For a while I’d secretly hoped that I would meet someone else, get remarried, sneak this new man in under Max’s radar, have another baby – poof, like it never happened. Max would still have his dad of course, but we’d also have a house with a mom and a dad and two kids and family dinners and game nights and Christmases with everyone around the tree. And when that didn’t happen I was so angry with myself that I’d chosen wrong at the beginning — that because I’d chosen this man, I’d eliminated all these other choices, nice men who would’ve been kind to me, who would’ve appreciated the things about me that I appreciate about myself, and now here I was, 36, with the dream of having a traditional family – even though my previous “traditional family” made me miserable – slipping further and further away.

Maybe it’s just a fact of my life, but still, telling someone I’m a single mom makes me feel like they can see there’s something wrong with me. That I wasn’t wanted, or that I wasn’t good enough, or that it was all fucked up, and well, of course it was because I’m damaged and fucked up. So I’ve tried to be perfect. I’ve bought anti-aging lotions and made smart, responsible decisions, and looked for love, and down-played how important motherhood is to me, and tried to talk about my divorce breezily – oh, it just didn’t work out, we married young, we get along great, he’s a good co-parent, ha ha, shit happens. But with time, I’ve learned to stop and ask myself, what is lost to us now? Truly lost? Isn’t it just one version of how things could be?

But there are still all these other versions.

I think about Max’s Giant Land birth story, about how beautiful it is in its simplicity, about how it mingles with centuries of stories about how any of us came to be – just dropped from the sky – and in a sense how it is sort of like that, we land somewhere, to someone, and we don’t really know why. He has rumpled hair and beautiful skin and crooked teeth and says hilarious things like “Mom, tomorrow I need to take my finest Legos to school,” and I like that even in Giant Land we were fated to be together.

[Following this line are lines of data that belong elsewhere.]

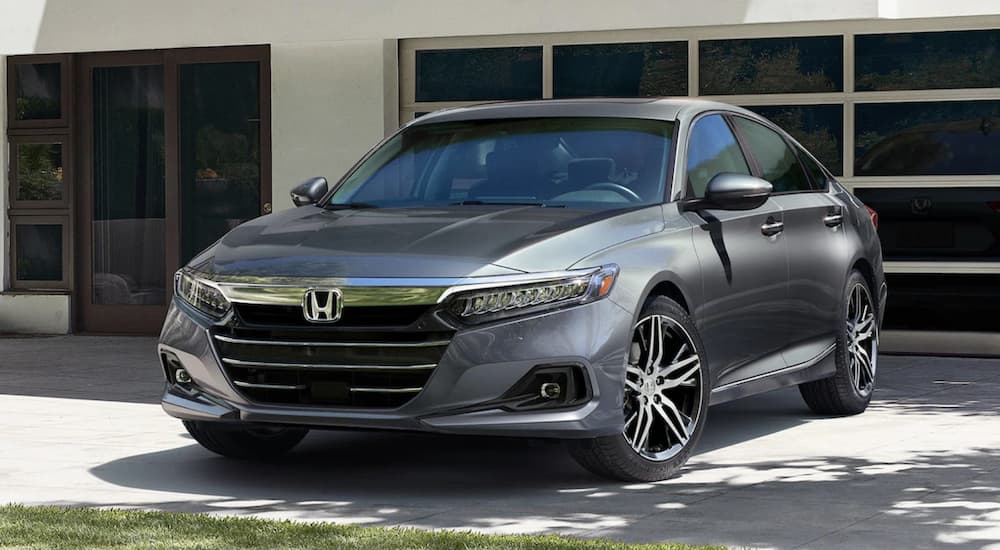 A grey 2022 Honda Accord 2.0T is shown from the front parked in a driveway.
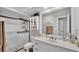 Bright bathroom featuring vanity with sink, shower with glass door, and built-in cabinet above the toilet at 1854 Sherwood Lakes Blvd, Lakeland, FL 33809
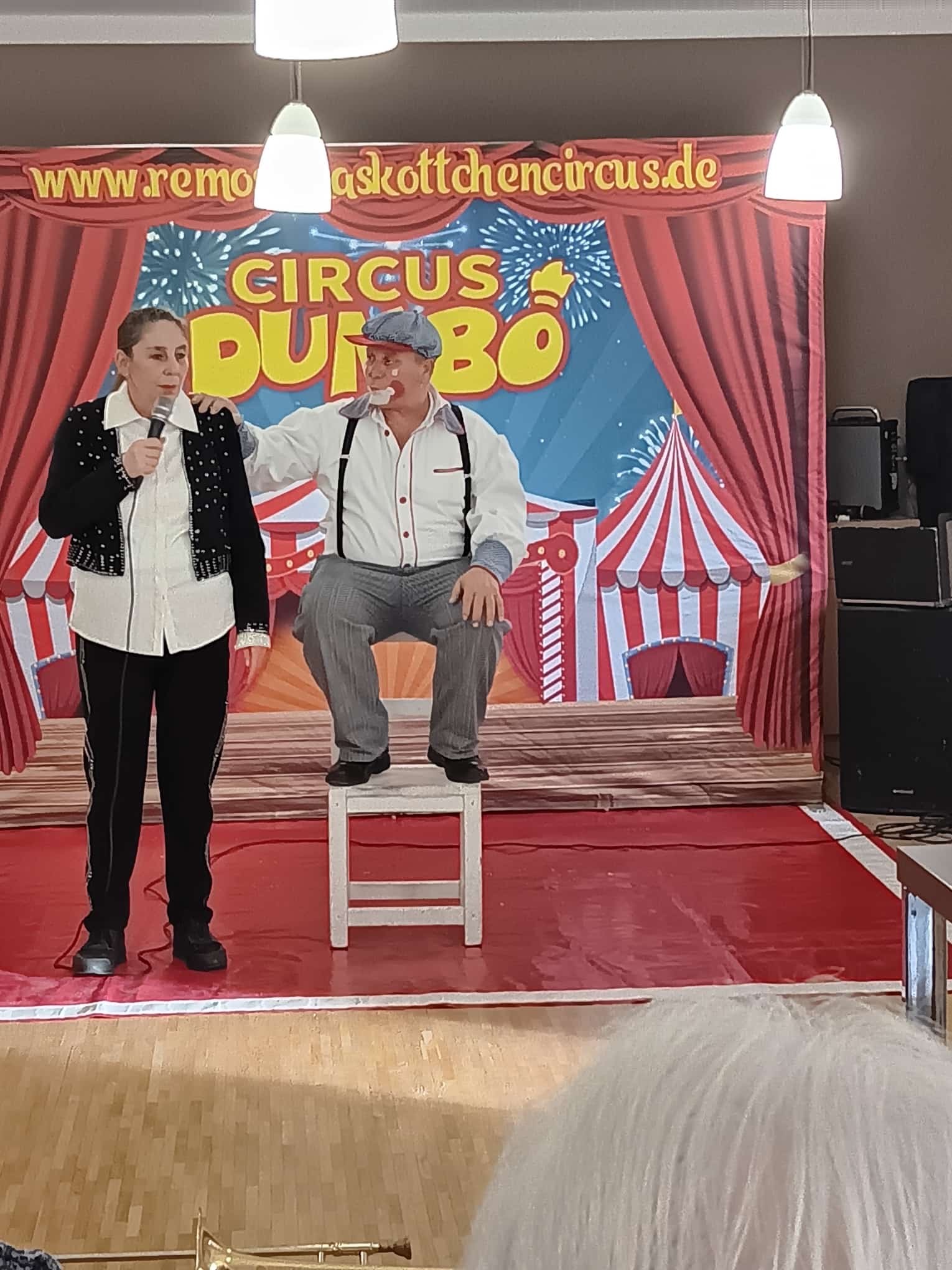 2 verkleidete Personen auf einer Bühne vor einem Zirkuszelt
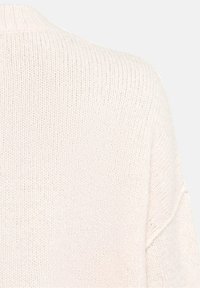 Gros plan sur un tissu tricoté beige clair montrant la texture et le détail du col côtelé d'un vêtement.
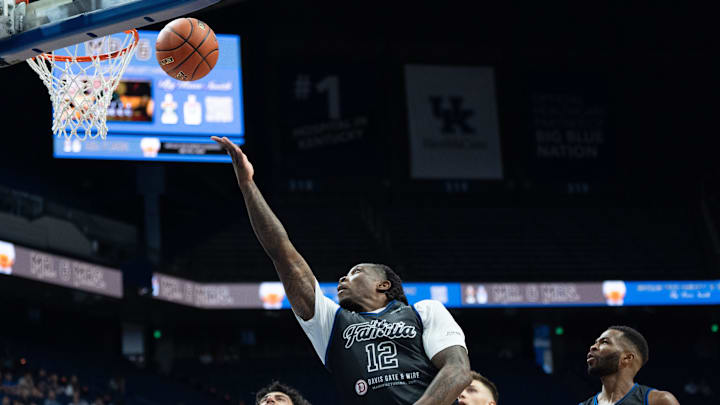 La Familia's Eric Bledsoe (12) goes for a layup during their game against the 305 Ballers on Friday, July 19, 2024 in Lexington, Ky. at Rupp Arena during the first round of The Basketball Tournament.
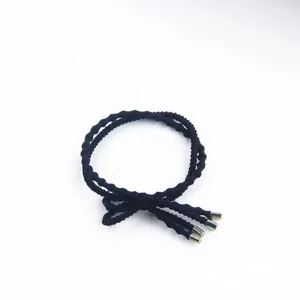 Detailed view of a stylish black elastic hair tie with metal ends for daily ponytails.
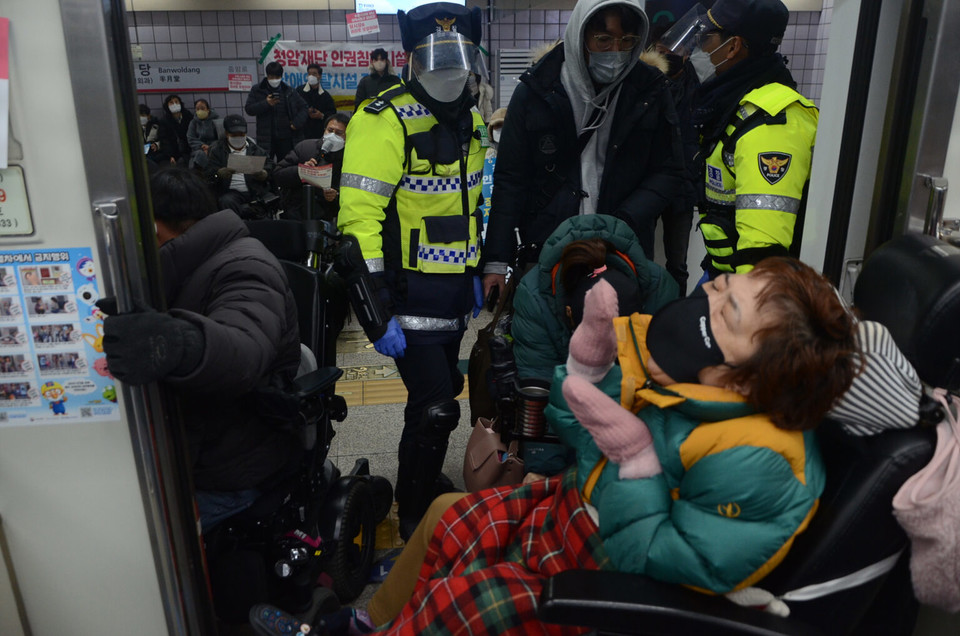 청암재단 폐쇄를 요구하는 장애인단체 활동가들이 지하철 출입문이 닫히지 못하도록 막고 시위를 하고 있다. 사진 뉴스민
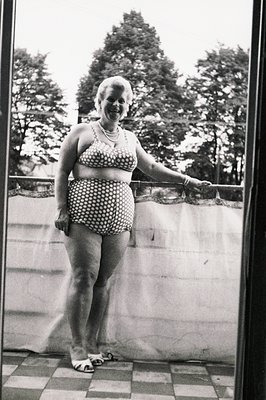 A smiling woman in a vintage, patterned two-piece swimsuit stands on a tiled balcony. She wears a pearl necklace and sandals....
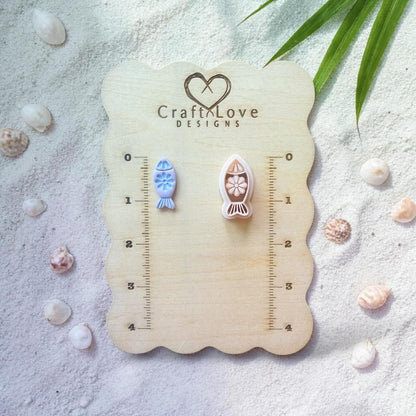 Fish clay cutter and finished pieces displayed on wooden sizing board with beach decor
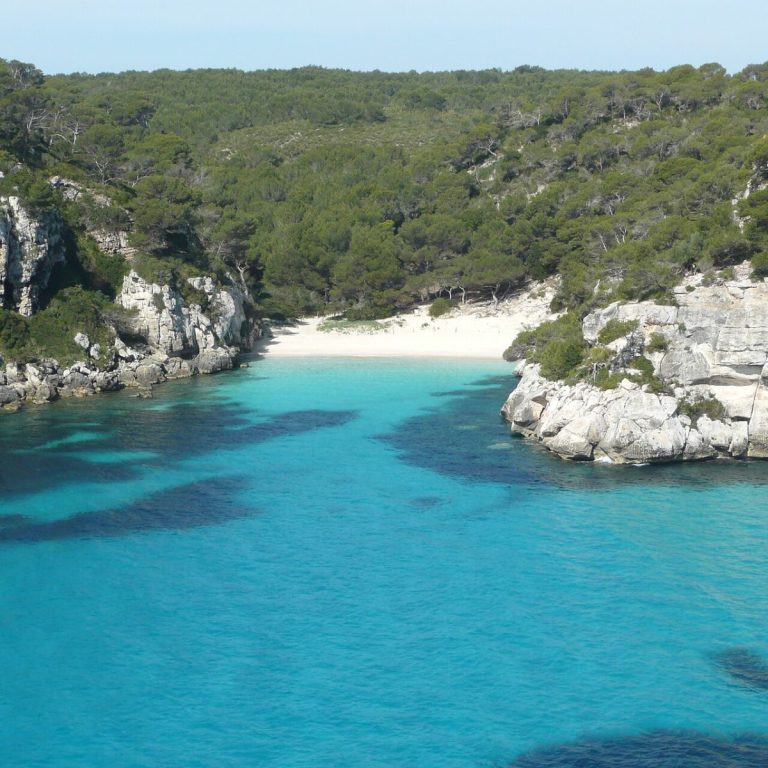 Menorca turunda Cala Macarelleta koyunun kayalıklar arasındaki berrak turkuaz denizi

Every day he makes me smile and laugh. He still likes to hold my hand. When I hug him now, he doesn’t feel so much like a little kid, but like a little person. And sometimes when I feel like I don’t belong, I remember, no, I belong to him. He sleeps now holding a stuffed shark we bought at an aquarium when he was 2. This is what a life is, I think. It’s nothing like what you think it will be, but this is it, and it’s enough.

He will grow older, I will grow older, and I will write down these stories so when he wants to know who I was then, he can take them down from a high shelf, dust them off, and we will greet each other again in this moment. He will have forgiven me my mistakes because he’s a kind man, maybe even with children of his own, and he knows that parenting takes guts — it’s sticky and messy and imperfect and he’ll be knotted up by the love and the worry and the weight of it all and he’ll want to know how to get through it.

This is it, I’ll say. This is what a life is. You try your best and hope for the best, just dropped from the sky. And you move forward. Imperfectly together.